Link: http://bit.ly/geopython-basel
09/05/2018 @ GeoPython
Giacomo Debidda
A Python library that makes it easy to explore and visualize geographical, meteorological, oceanographic datasets.
GeoViews objects are just like HoloViews objects...
...with an associated geographic projection based on a Coordinate Reference System defined in cartopy.crs.
GeoViews provides the Feature (cartopy features) and Shape (shapely geometries) types.

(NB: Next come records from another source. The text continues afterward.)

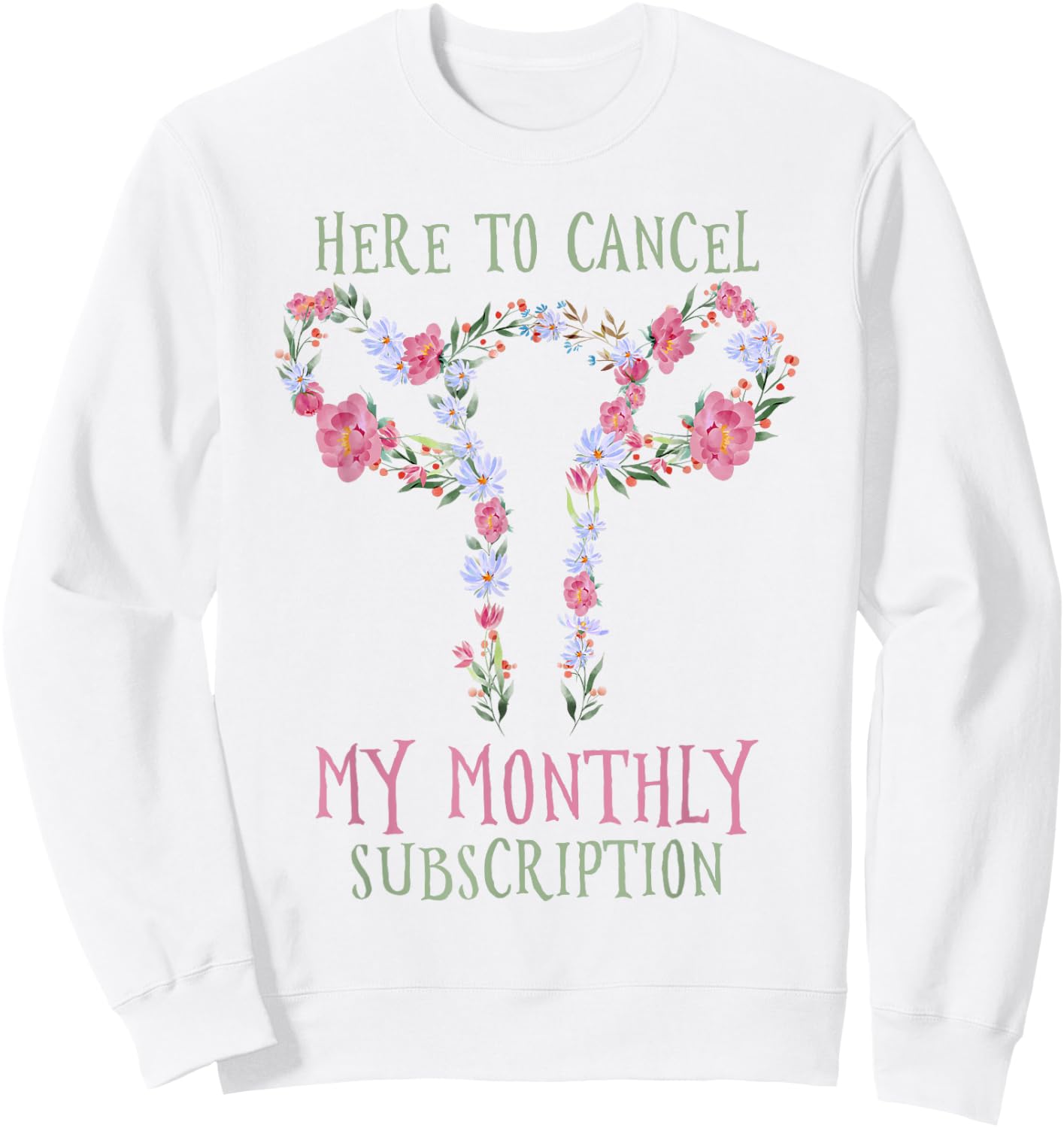 Here To Cancel My Monthly Subscription Sweatshirt - Sweatshirt | White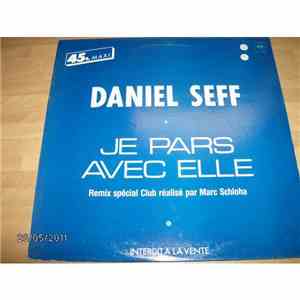 Daniel Seff - Je Pars Avec Elle (Remix Club)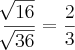 \frac{\sqrt[]{16}}{\sqrt[]{36}} = \frac{2}{3}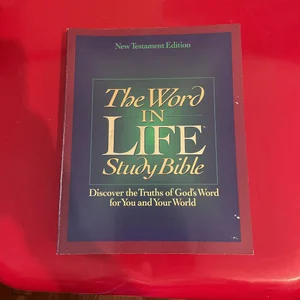 The Word in Life Study Bible -  NKJV and NRSV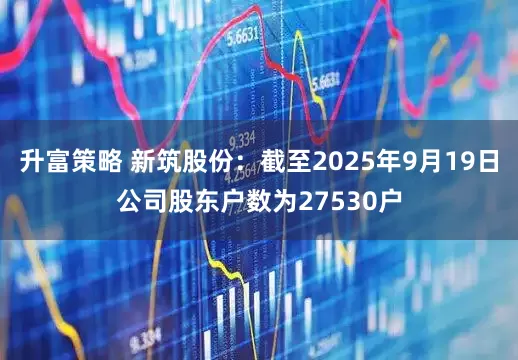升富策略 新筑股份：截至2025年9月19日公司股东户数为27530户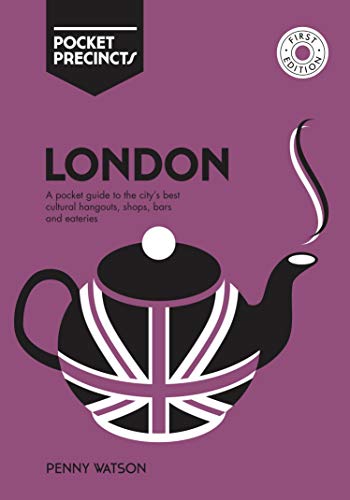 London Pocket Precincts: A Pocket Guide To The City'S Best Cultural Hangouts, Shops, Bars And Eateries by Penny Watson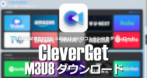 CleverGet M3U8ダウンロード のインストールと使い方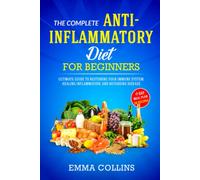 The Complete Anti-Inflammatory Diet for Beginners: Ultimate Guide to Restoring Your Immune System, Healing Inflammation, and Reversing Disease + 7-Day Meal Plan and 28 Recipes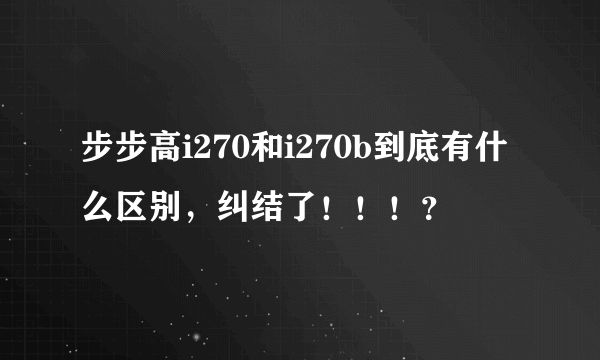 步步高i270和i270b到底有什么区别，纠结了！！！？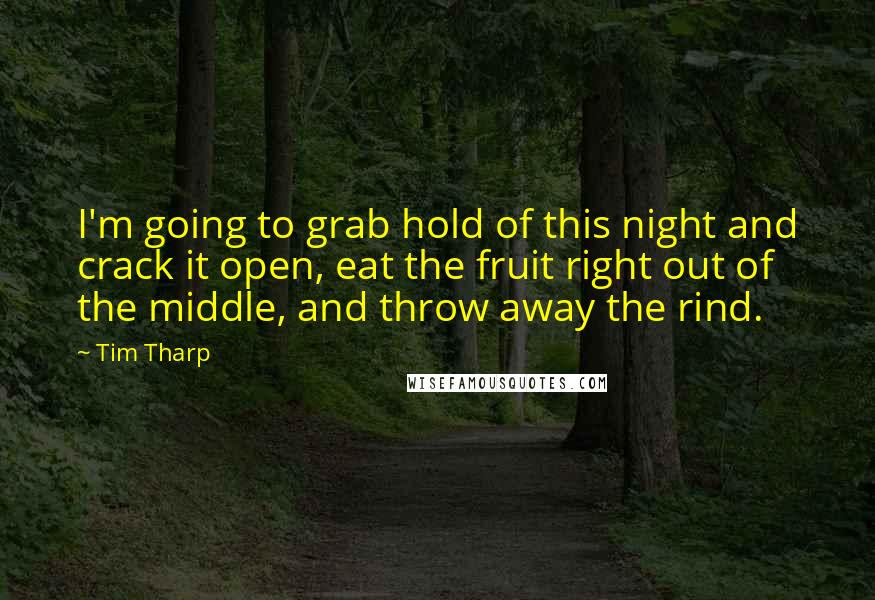 Tim Tharp Quotes: I'm going to grab hold of this night and crack it open, eat the fruit right out of the middle, and throw away the rind.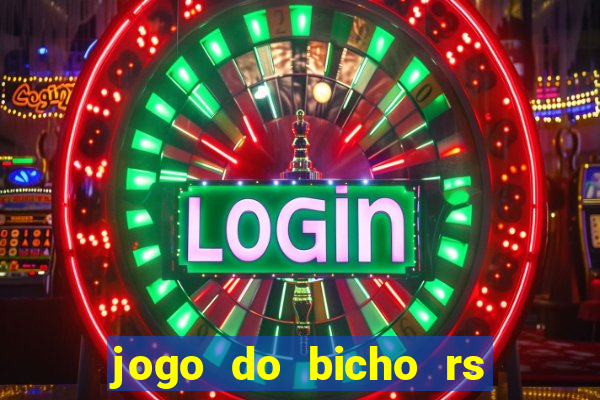 jogo do bicho rs resultado certo de hoje 14h 18h rs consulta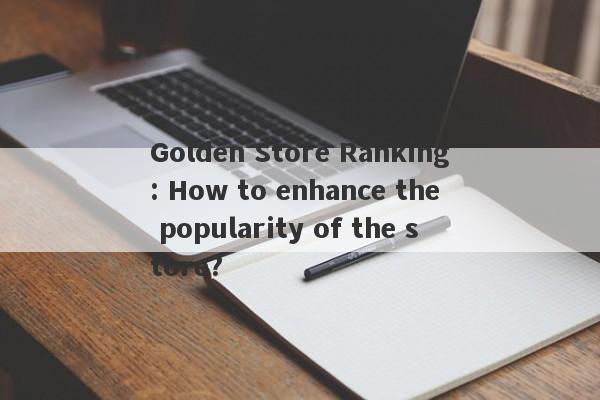 Golden Store Ranking: How to enhance the popularity of the store?-第1张图片-要懂汇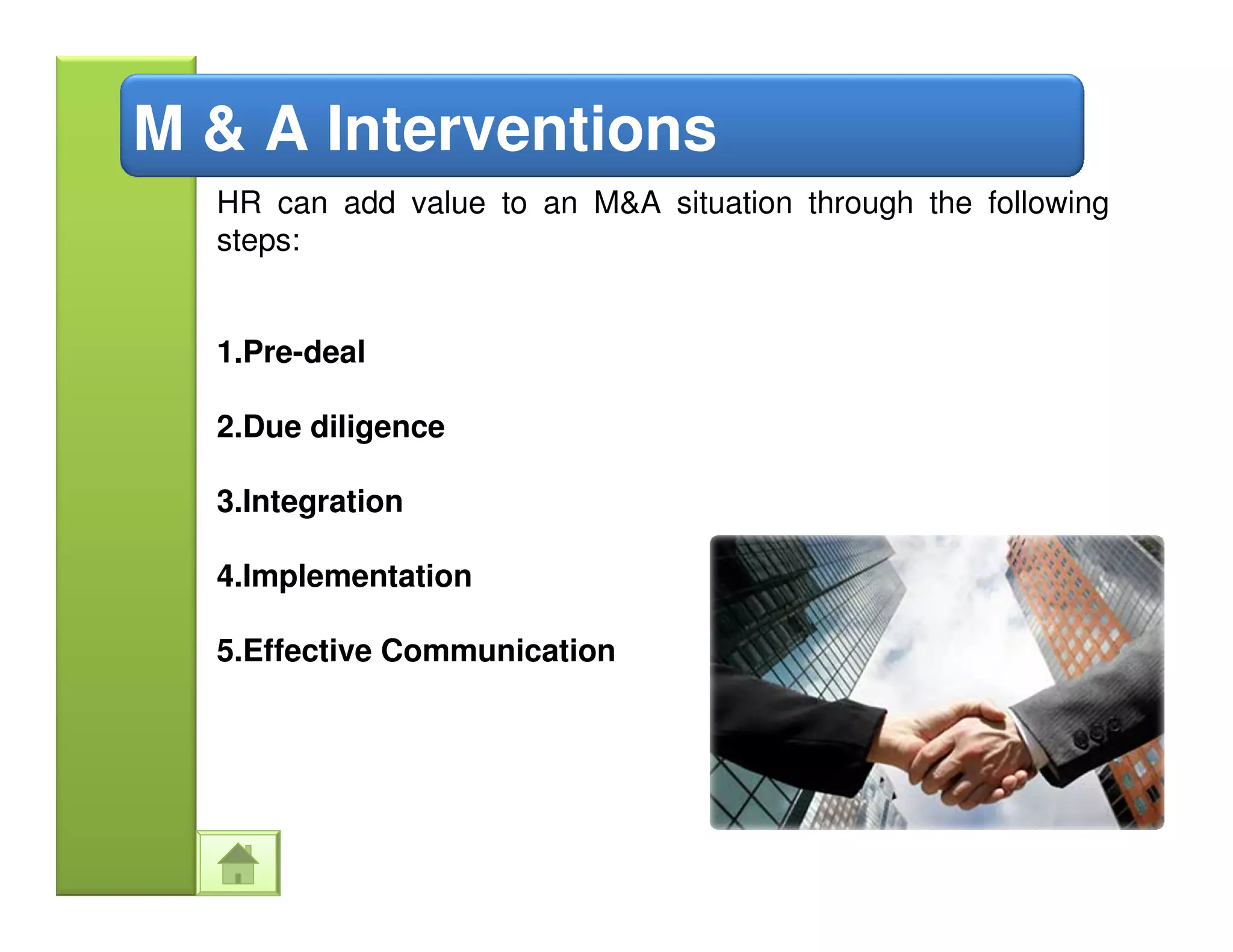 M & A Interventions
  HR can add value to an M&A situation through the following
  steps:


  1.Pre-deal

  2.Due diligence

  3.Integration

  4.Implementation

  5.Effective Communication
 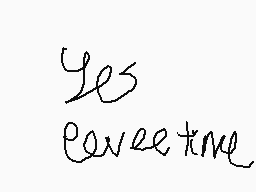 Drawn comment by Matsu ロロピ
"Yes Covee time"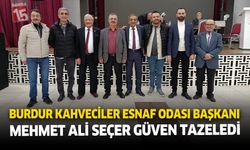 Burdur Kahveciler Esnaf Odası Başkanı Mehmet Ali Seçer Güven Tazeledi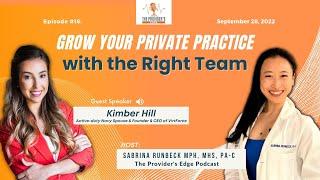 Grow Your Private Practice with the Right Team with Kimber Hill Ep 18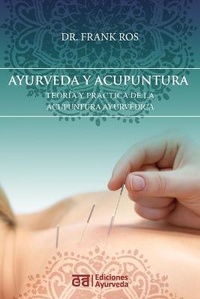 Abbildung von: Ayurveda y acupuntura - Teoria y practica de la acupuntura ayurvedica - Ediciones Ayurveda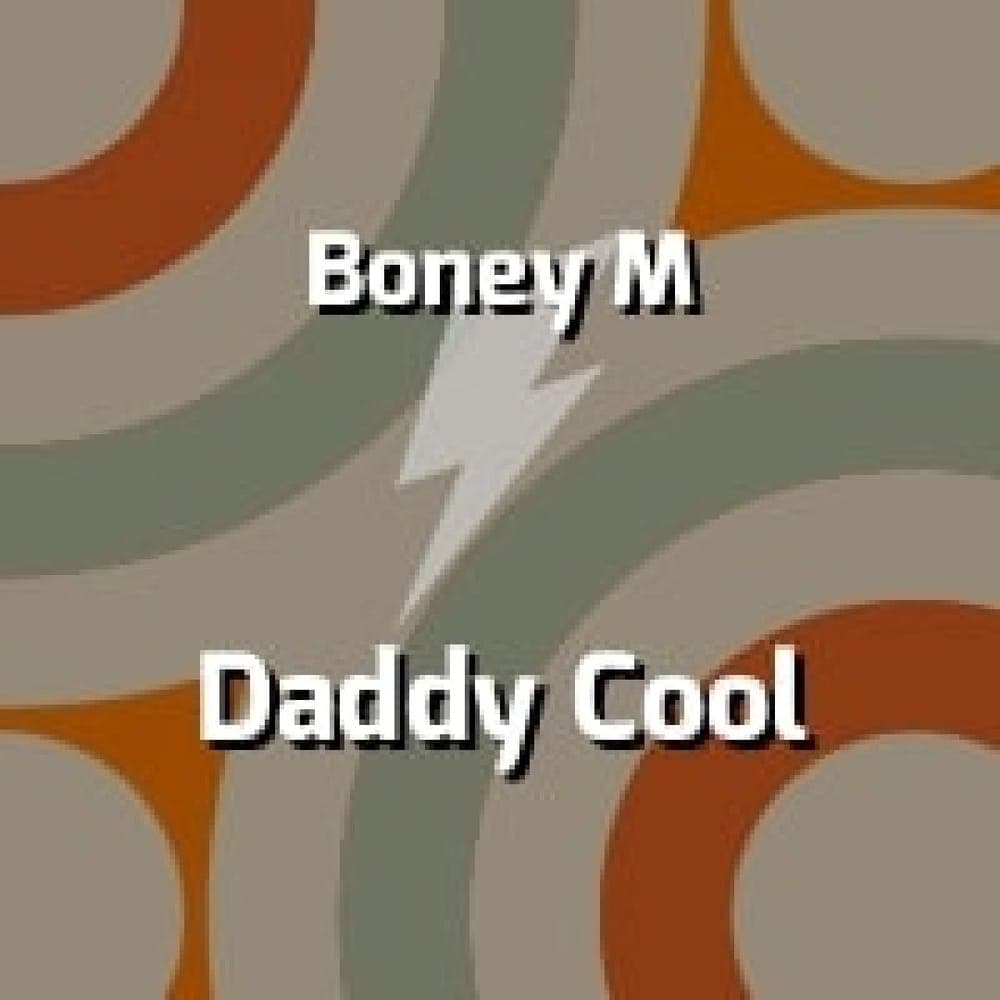 Boney M - Daddy Cool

We need shapely for geometries, cartopy and pyproj for projections, geopandas for spatial joins.
import os
import pyproj
import numpy as np
import pandas as pd
import geopandas as gpd
import xarray as xr
import holoviews as hv
import geoviews as gv
import geoviews.feature as gf
import shapely as shp
import cartopy.io.shapereader as shpreader
import cartopy.crs as ccrs # Cartopy coordinate reference system
import cartopy.feature as cf
import matplotlib.pyplot as plt
from bokeh.models import WMTSTileSource
from bokeh.tile_providers import STAMEN_TERRAIN, STAMEN_TONER
# import bokeh.sampledata
# bokeh.sampledata.download() # this will download to /home/jack/.bokeh/data/
from bokeh.sampledata.airport_routes import airports, routes
data_dir = os.path.join(os.getcwd(), 'data')
print(data_dir)
/home/jack/Repos/geopython-basel/data
GeoViews (and HoloViews) can use either a Matplotlib backend or a Bokeh backend.
Note: visual attributes have (slightly) different names in the plotting backends (e.g. facecolor in Matplotlib VS fill_color in Bokeh).
See here to know the projections supported by GeoViews.
hv.notebook_extension('bokeh', 'matplotlib')
%output backend='matplotlib'
opts (OptsMagic)¶You can use the %%opts cell magic command to set some options (e.g. change the geographical projection).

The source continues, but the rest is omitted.